During the last six years any tenanted house on becoming vacant was immediately put up for sale. It was sold whether it was a controlled house, a decontrolled house or a house outside all control. The house was so valuable with vacant possession that no tenant could afford to pay a rent which would remunerate the landlord for the sum of money he had spent in buying it. Therefore you had a situation in which you had less and less houses becoming available to members of the public who wanted to rent them. It is not every family that can afford to buy a house. Young people starting out in life cannot, as a rule, do so, because they have not got the necessary capital. Even in a great number of cases they are not prepared to go to a building society to get an advance of money to enable them to buy. Therefore one may say that, ultimately, it is not in the public interest that rented houses should disappear. We cannot, however, close our eyes to the fact that they are disappearing very rapidly around Dublin, and I am sure that much the same situation obtains throughout the country. The only remedy for it is the provision of more houses and cheaper houses, but we know that with the present shortage of supplies we cannot do very much in that direction. I would like to say that, in the main, I welcome this Bill, and hope that it will not have the effect of hindering building, because that would be a very serious matter. I am inclined to think it will not hinder building, but it certainly will not be any assistance to it.

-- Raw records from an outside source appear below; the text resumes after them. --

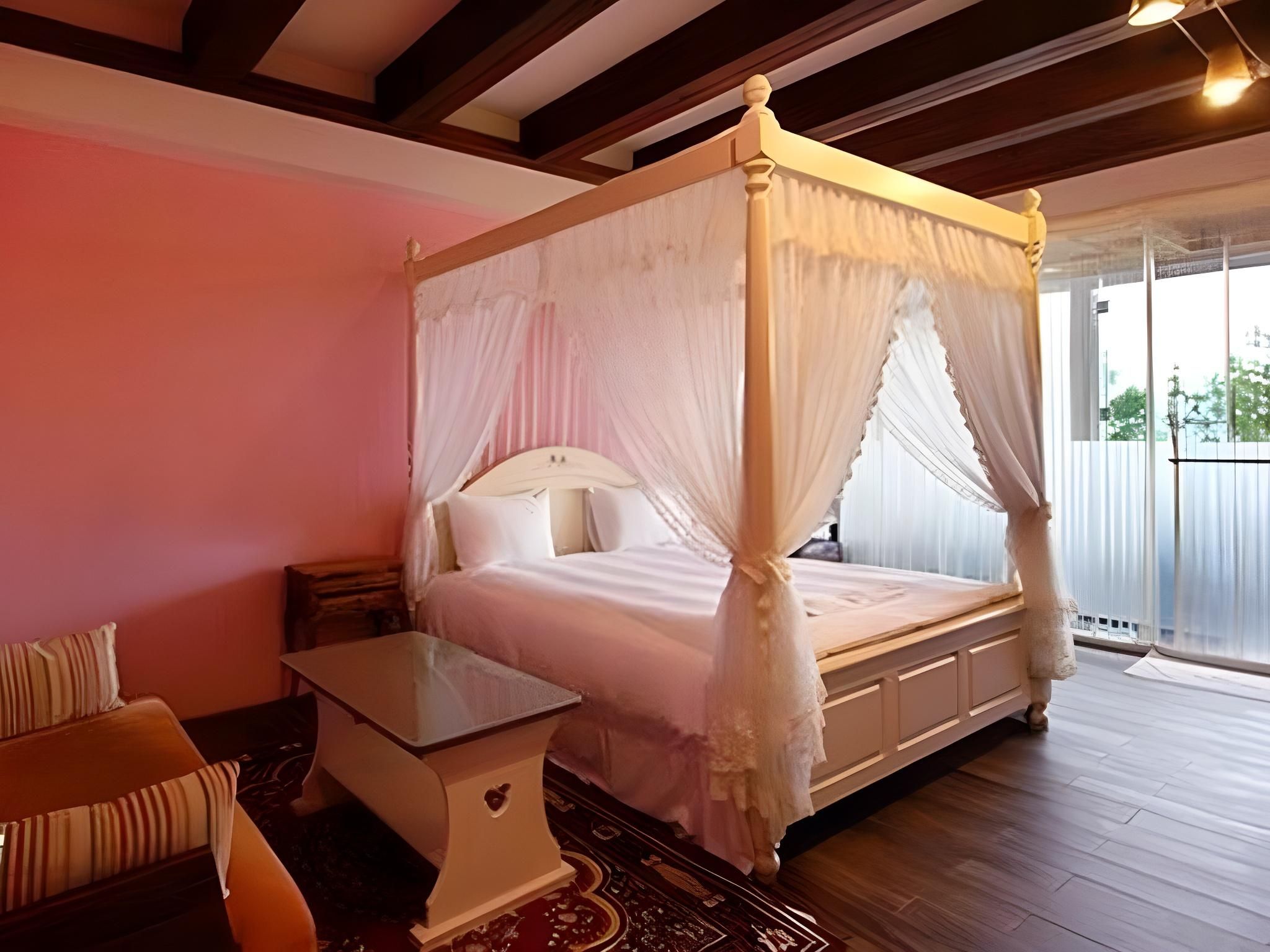 Honeymoon Suite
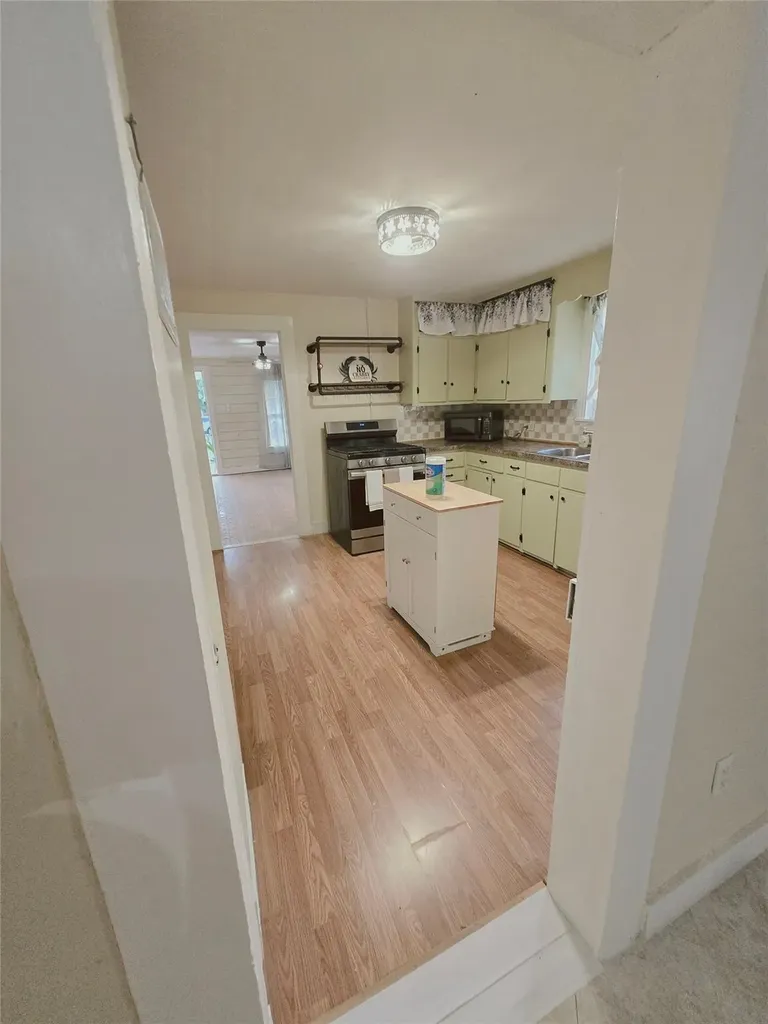 404 N Hill Street Itasca TX 76055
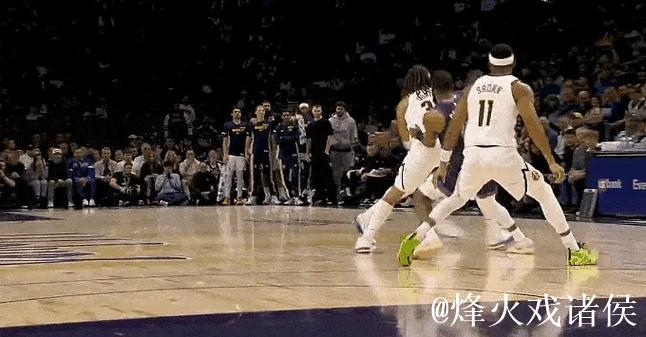 兰德尔半场出战16分钟，10中5得到19分5板2助攻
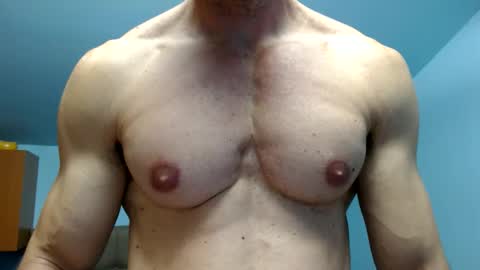 Snapshot of razorramon13 chatting on June 2026 06:52:02 AM razorramon13 online show from June 2026 06:52:02 AM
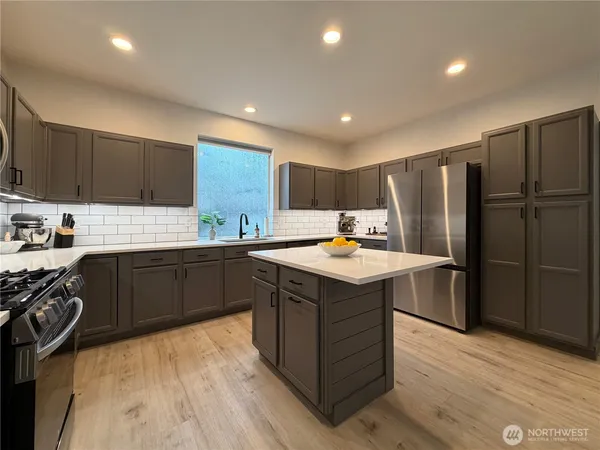 $679,999 | 2631 85th Drive Northeast, Lake Stevens, WA 98258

It was inevitable in discussing this Bill that the general problem of housing should arise, but, as Deputy McGilligan said, it was only with an angle of the problem I had to deal in this Bill. I do not propose to intrude on the province of the Minister for Local Government, to whom is assigned the task of dealing with the housing problem. I do admit, of course, that there is a matter of collective responsibility there, and that every member of the Government must take his share of that responsibility. Nevertheless, it is a well-recognised policy here that certain aspects of certain problems are assigned to certain Ministers, and it is with the question of rents and rent control I am dealing here.

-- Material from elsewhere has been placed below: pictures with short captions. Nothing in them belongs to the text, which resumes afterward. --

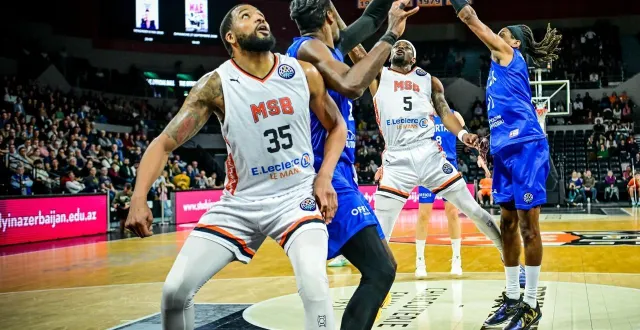 photo  tashawn thomas (n°35) et shannon bogues (n°5) contre le spartak subotica, le 16 décembre 2025, à antarès, en phase de poules de la ligue des champions de basket.  &copy;  photo : le maine libre - yvon loué 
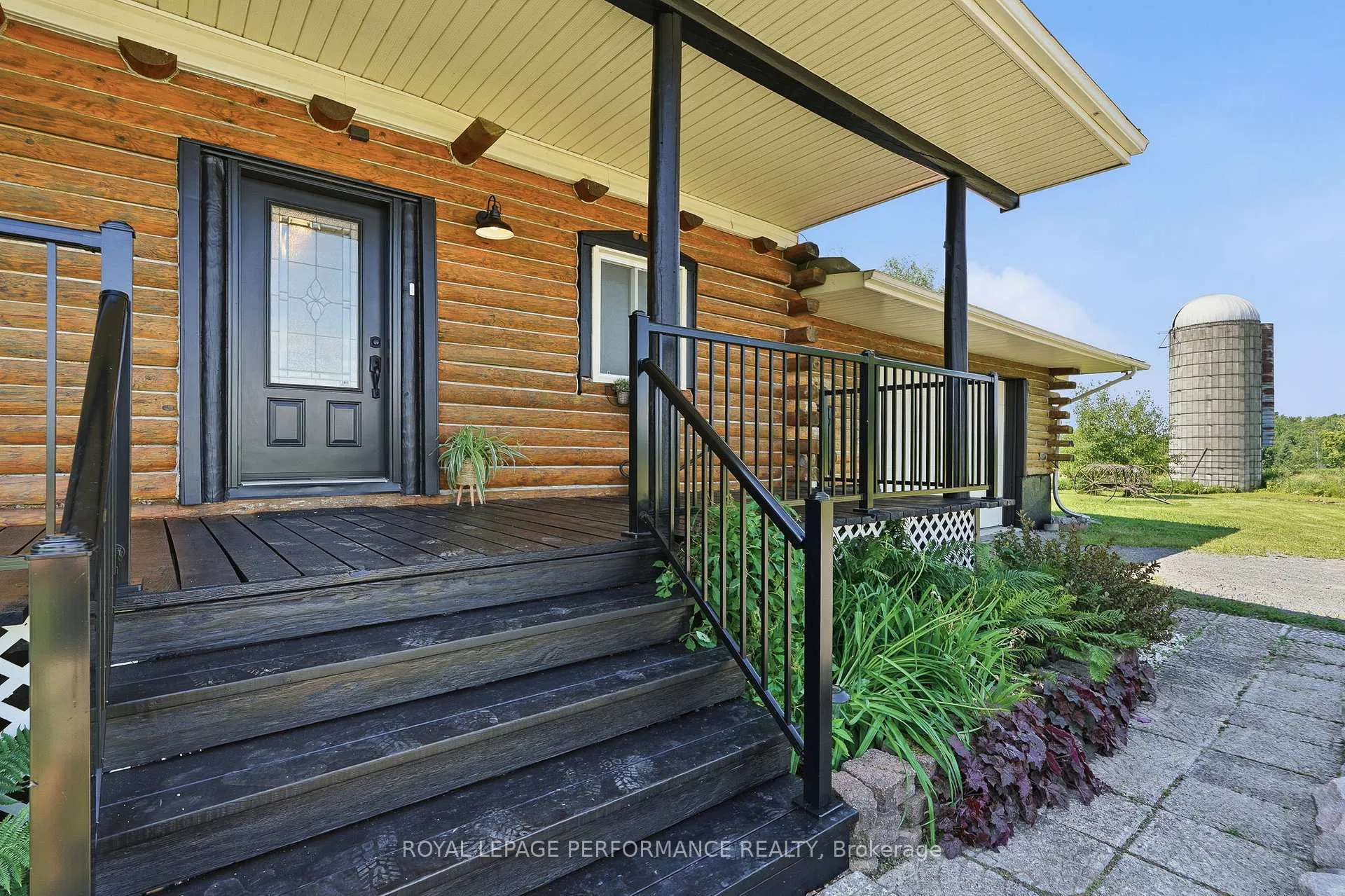 Photo 4 of 3012 Birchgrove Road, Ottawa, Cumberland West — HOMEH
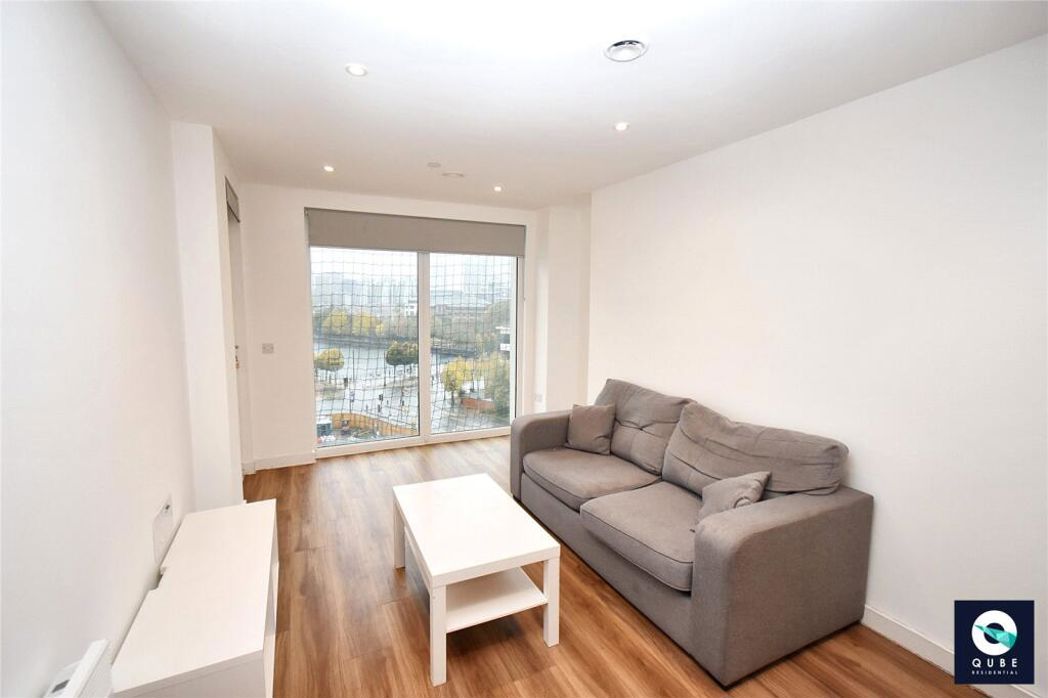 Property image 2 of 16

The reason this Bill was brought in at all was that, as Deputies have already been reminded, practically every year up to 1930 a Bill was introduced dealing with rent restrictions. It was hoped by the late Government that rent control could be disposed of gradually; that each year the valuation of protected houses could be reduced, until finally it was hoped that by 1929 it would disappear altogether, and that as a result there would be a large increase in building. The Government of the day saw that that was not happening, and in 1928, when the control level had reached £30 for Dublin and £25 for outside it, they brought in a Bill stabilising it at that, and kept repeating that measure every year, until finally, in 1930 it was relegated to the category of Expiring Laws Bills. That was not satisfactory, and I imagine that a more permanent Bill would have been introduced much earlier if it had not been for the fact that the Town Tenants Tribunal was inquiring into the whole question, and it would not have been proper to bring in a Bill until their report had been made. As everyone knows, there were great differences of opinion expressed by the different members of that tribunal—some of them were diametrically opposed to others — but certain things were agreed on, and my Department in due course presented a Bill dealing with matters which had been more or less agreed upon by the tribunal, although not exactly in the form in which they had recommended them.

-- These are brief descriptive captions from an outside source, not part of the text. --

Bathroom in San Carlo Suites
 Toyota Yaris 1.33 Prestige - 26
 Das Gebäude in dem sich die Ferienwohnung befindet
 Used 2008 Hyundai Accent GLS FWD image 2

Then it occurred to me anyway that it would be a bad thing to have another Rent Restrictions (Amending) Act, we had so many already. Being a layman, and not liking legislation by reference, I said that I would prefer to have the whole of the rent restrictions code put into one Act, so that we would not have to be referring from Act to Act. Consequently, that was undertaken. Then came the new control under the Emergency Powers Order made last year. I do not think any great harm has been done to people who want to build houses, because the Emergency Powers Order applies only to houses which were built prior to February, 1944. Of course everyone knows that houses built after 1919 were not controlled in the original Acts, and anyone who did build houses for rent between that and the making of the Emergency Powers Order got an economic rent. I think there was no question about that. I was very hesitant to bring in any Rent Restrictions Order until I was satisfied that there was a very definite move in the direction of profiteering. There was abundant evidence presented to me that landlords were undoubtedly serving people whose salaries and wages had been subject to the Standstill Order with notices to quit if they did not pay substantial increases of rent.

And there was no defence against it.

Mr. Boland

There was no defence, and nobody in this House or the other House made any objection to the making of that Order. We had that Order as well as those different Acts, and the best thing to do was to incorporate that also in this particular Bill. There does not appear to me at any rate to be any prospect of anything like a big building programme within five years. I do not think there is, but, if there is, the question can be tackled again within five years. At any rate, it must be dealt with at the end of five years, when, let us hope, there will be a better chance of proceeding with building. I cannot for the life of me see how the Bill can affect any building that may be going on. It was put to me by the representatives of a society which has done very good work in building houses for rent here, the Associated Properties Company, that if this Emergency Powers Order were not amended to exclude houses which were built under emergency conditions, when the prices of materials had gone up, they would have to stop building immediately. On going into that question, I was quite satisfied that that was so, and that it was reasonable that any houses built under the new conditions should not be subject to the Emergency Powers Order, so they were excluded. Everyone must understand and admit that their prices are higher, and, therefore, if people are to build as an investment —as far as I know, that society gets only a moderate return on its investment—they will have to be allowed to charge a figure which will give them some return on their investment. Otherwise, of course, there would be no such thing as building. That amendment was brought in and is now incorporated in this Bill.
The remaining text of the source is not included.